Quel usage peut-on faire de l’intelligence artificielle dans les domaines de la certification et de la formation ? Des acteurs venant d’horizons très divers ont abordé cette question lors de la journée « Orientation et intelligence artificielle », organisée à Paris le 11 octobre par Europass, Euroguidance et la CNCP (Commission nationale des certifications professionnelles).

En 1997, Kasparov était battu par un supercalculateur d’IBM Deeper Blue. En 2015, l’ordinateur AlphaGo était capable de vaincre les meilleurs joueurs du monde au jeu de Go non pas parce qu’il avait en mémoire toutes les parties précédentes, mais parce qu’il était devenu capable d’apprentissage. Récemment, on a simplement donné les règles du jeu de poker à Libratus – sans lui adjoindre de bases de données – et la machine a tellement bien appris à jouer qu’elle s’est mise à bluffer, battant à plate couture ses adversaires les plus expérimentés. Cette histoire de l’intelligence artificielle racontée par Christophe Allois, fondateur de la start-up Skilvioo, est édifiante. « Il y a un glissement entre les systèmes de bases de données et l’intelligence artificielle. Grâce à ses réseaux neuronaux, l’IA rend les ordinateurs capables d’apprentissage », précise-t-il.

Intervention humaine

La start-up Skilvioo propose une application pour accompagner les organismes dans la traduction de leur formation en blocs de compétences 1. Chaque métier décrit un certain nombre de connaissances et de compétences nécessaires pour l’exercer. Pourtant, Christophe Allois, en est sûr, dans le domaine de la formation professionnelle et de la certification, la matière grise a encore de beaux jours devant elle. « Dans l’immédiat, je ne pense pas que l’intelligence artificielle puisse permettre, par exemple, d’enregistrer une certification professionnelle au RNCP sans intervention humaine », indique Christophe Allois. Ce que confirme Brigitte Bouquet, rapporteur général de la CNCP (Commission nationale des certifications professionnelles) et animatrice du débat. Néanmoins des usages de l’intelligence artificielle peuvent déjà être imaginés.

Des usages possibles

Elle pourrait ainsi dans un futur assez proche «  apporter aux organismes de formation des éléments pertinents sur les évolutions des métiers grâce à des données de plus en plus riches et fiables. Ils seront alors en mesure d’élaborer leurs programmes pédagogiques en anticipant davantage », indique Christophe Allois.

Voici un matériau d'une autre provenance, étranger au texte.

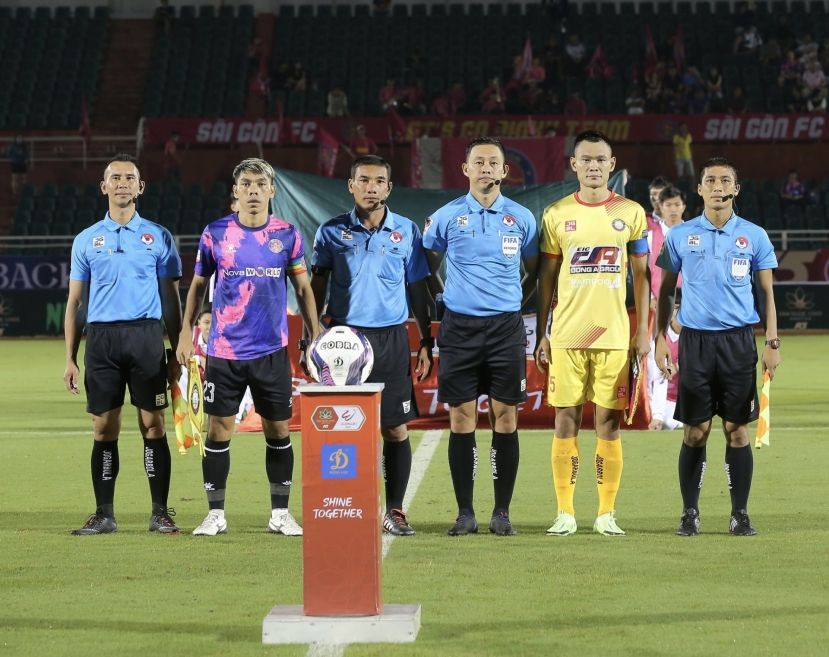 Trọng tài FIFA Ngô Duy Lân khả năng cao sẽ không được cầm còi ở vòng 19 V-League. Ảnh: Internet Trọng tài FIFA Ngô Duy Lân khả năng cao sẽ không được cầm còi ở vòng 19 V-League. Ảnh: Internet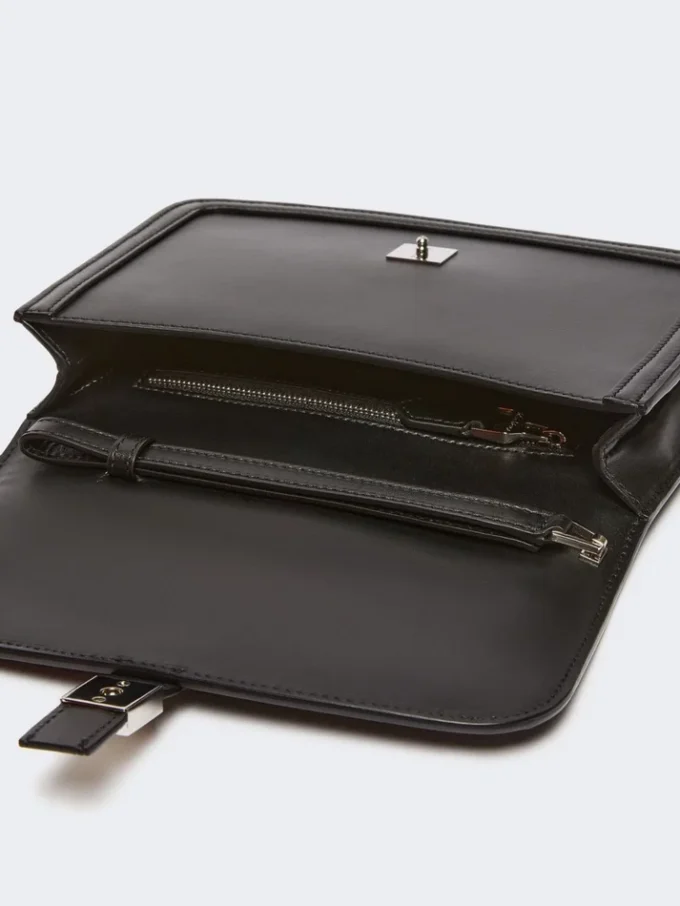 Smooth leather clutch, black Smooth leather clutch, black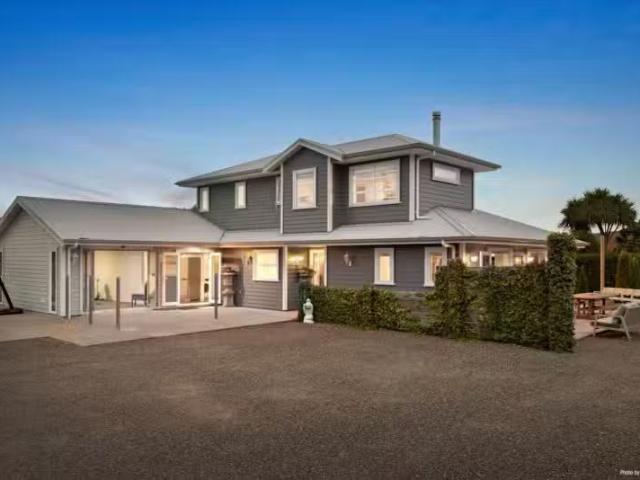 House for sale in Awhitu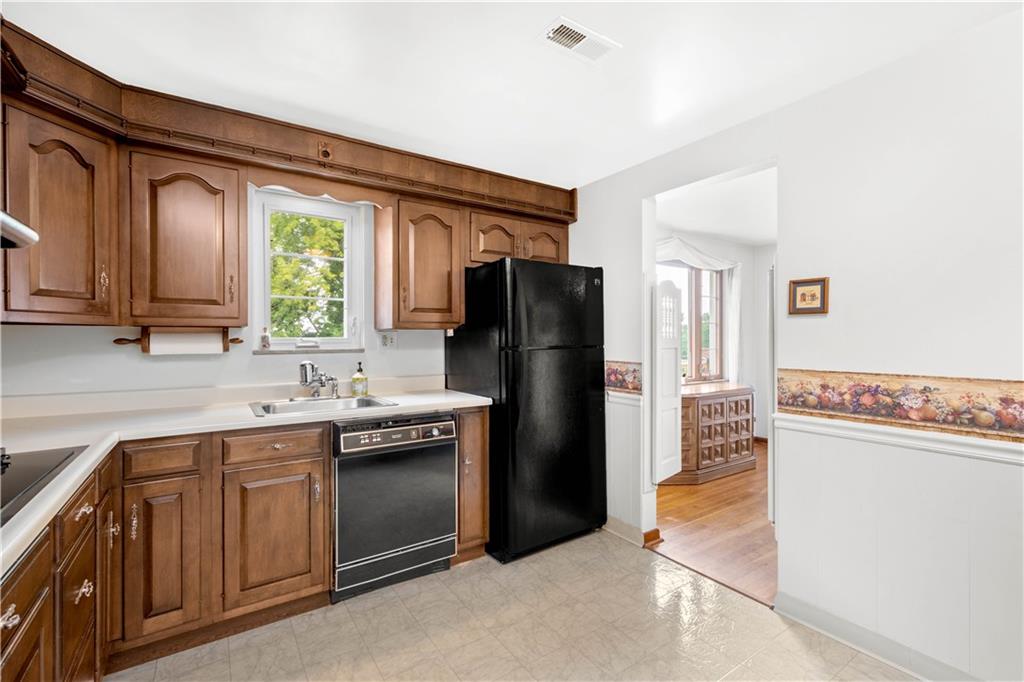 4238 Greenridge Road Pittsburgh, PA 15234 - Photo 10 of 25 Gallery Image 10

Difficile collecte des données

L’intelligence artificielle pourrait aussi permettre d’avoir une vision prédictive des étudiants risquant d’échouer aux examens. « Au Cnam (Conservatoire national des arts et métiers), il y a 70 000 élèves et le taux d’abandon y est élevé. Grâce à l’intelligence artificielle, on pourrait se focaliser davantage sur les personnes qui risquent d’échouer », explique Michel Terré, président du conseil des formations du Cnam. Mais l’hétérogénéité des étudiants et la collecte des données posent problème. « Les données qui pourraient être pertinentes comme la distance à parcourir par les étudiants pour suivre leurs cours, la taille de l’entreprise dans laquelle ils travaillent, etc. ne sont pas disponibles. Nous disposons des codes, des machines mais pas des données. Un jour, nous pourrons sans doute produire des choses intéressantes grâce à l’intelligence artificielle mais nous n’y sommes pas encore… », conclut Michel Terré.